Segment Start: The data

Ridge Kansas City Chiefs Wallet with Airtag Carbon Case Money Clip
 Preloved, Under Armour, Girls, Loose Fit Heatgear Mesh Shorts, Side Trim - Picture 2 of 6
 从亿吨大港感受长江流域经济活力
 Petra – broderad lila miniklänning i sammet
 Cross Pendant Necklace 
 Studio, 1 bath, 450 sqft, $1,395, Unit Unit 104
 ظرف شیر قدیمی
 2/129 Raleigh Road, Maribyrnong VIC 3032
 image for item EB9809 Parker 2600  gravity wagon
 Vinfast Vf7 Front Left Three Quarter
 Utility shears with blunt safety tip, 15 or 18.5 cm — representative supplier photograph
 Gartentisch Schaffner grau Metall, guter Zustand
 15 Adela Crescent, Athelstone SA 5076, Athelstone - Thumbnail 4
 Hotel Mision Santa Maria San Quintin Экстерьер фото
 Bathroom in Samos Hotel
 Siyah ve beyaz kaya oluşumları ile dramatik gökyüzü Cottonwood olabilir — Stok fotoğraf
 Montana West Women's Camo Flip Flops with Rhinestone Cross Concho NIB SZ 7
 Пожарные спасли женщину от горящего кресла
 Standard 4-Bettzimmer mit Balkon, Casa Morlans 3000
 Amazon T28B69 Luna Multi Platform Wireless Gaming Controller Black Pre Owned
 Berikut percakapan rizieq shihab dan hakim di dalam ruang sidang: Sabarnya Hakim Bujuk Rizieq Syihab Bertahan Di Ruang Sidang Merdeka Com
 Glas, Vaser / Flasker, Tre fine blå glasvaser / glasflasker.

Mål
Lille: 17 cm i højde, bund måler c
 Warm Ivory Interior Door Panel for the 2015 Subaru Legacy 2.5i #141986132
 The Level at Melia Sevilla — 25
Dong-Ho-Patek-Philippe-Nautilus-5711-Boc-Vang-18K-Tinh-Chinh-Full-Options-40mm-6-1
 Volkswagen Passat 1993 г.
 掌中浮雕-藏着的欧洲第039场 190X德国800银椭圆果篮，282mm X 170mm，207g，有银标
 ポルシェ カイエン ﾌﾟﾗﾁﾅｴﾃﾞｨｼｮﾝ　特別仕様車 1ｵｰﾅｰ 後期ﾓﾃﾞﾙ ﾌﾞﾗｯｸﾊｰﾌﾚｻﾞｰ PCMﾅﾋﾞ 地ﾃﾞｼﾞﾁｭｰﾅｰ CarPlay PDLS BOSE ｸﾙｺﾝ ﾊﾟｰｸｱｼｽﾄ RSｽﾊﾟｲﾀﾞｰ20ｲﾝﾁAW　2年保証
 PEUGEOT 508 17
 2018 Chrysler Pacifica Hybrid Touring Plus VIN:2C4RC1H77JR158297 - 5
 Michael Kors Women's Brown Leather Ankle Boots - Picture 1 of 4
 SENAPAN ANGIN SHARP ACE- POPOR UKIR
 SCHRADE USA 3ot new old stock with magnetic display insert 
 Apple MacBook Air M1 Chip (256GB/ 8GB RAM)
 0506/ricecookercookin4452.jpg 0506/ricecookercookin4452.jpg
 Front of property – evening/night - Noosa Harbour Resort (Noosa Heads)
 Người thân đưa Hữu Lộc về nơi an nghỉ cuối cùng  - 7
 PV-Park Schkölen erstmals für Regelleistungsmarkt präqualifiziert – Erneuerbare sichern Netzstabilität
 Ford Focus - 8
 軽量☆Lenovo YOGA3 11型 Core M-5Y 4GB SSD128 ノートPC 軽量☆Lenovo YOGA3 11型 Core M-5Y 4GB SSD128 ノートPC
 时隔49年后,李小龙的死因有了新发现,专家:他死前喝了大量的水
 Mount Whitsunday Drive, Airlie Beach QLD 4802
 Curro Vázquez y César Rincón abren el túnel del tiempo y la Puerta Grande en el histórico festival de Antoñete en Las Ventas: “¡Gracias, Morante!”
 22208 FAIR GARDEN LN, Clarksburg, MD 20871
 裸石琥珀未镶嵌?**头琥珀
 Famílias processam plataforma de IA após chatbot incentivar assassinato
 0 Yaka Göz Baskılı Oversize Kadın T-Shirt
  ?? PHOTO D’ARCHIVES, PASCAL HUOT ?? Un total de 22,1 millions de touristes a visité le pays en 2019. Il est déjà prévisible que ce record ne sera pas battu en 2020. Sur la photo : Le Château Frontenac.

Segment End: The data

_Directions for this task_. Return exactly what appears above, from the first line of the entries to the line with "Cross Pendant Necklace", inclusive.

_Task response_.
Ridge Kansas City Chiefs Wallet with Airtag Carbon Case Money Clip
 Preloved, Under Armour, Girls, Loose Fit Heatgear Mesh Shorts, Side Trim - Picture 2 of 6
 从亿吨大港感受长江流域经济活力
 Petra – broderad lila miniklänning i sammet
 Cross Pendant Necklace 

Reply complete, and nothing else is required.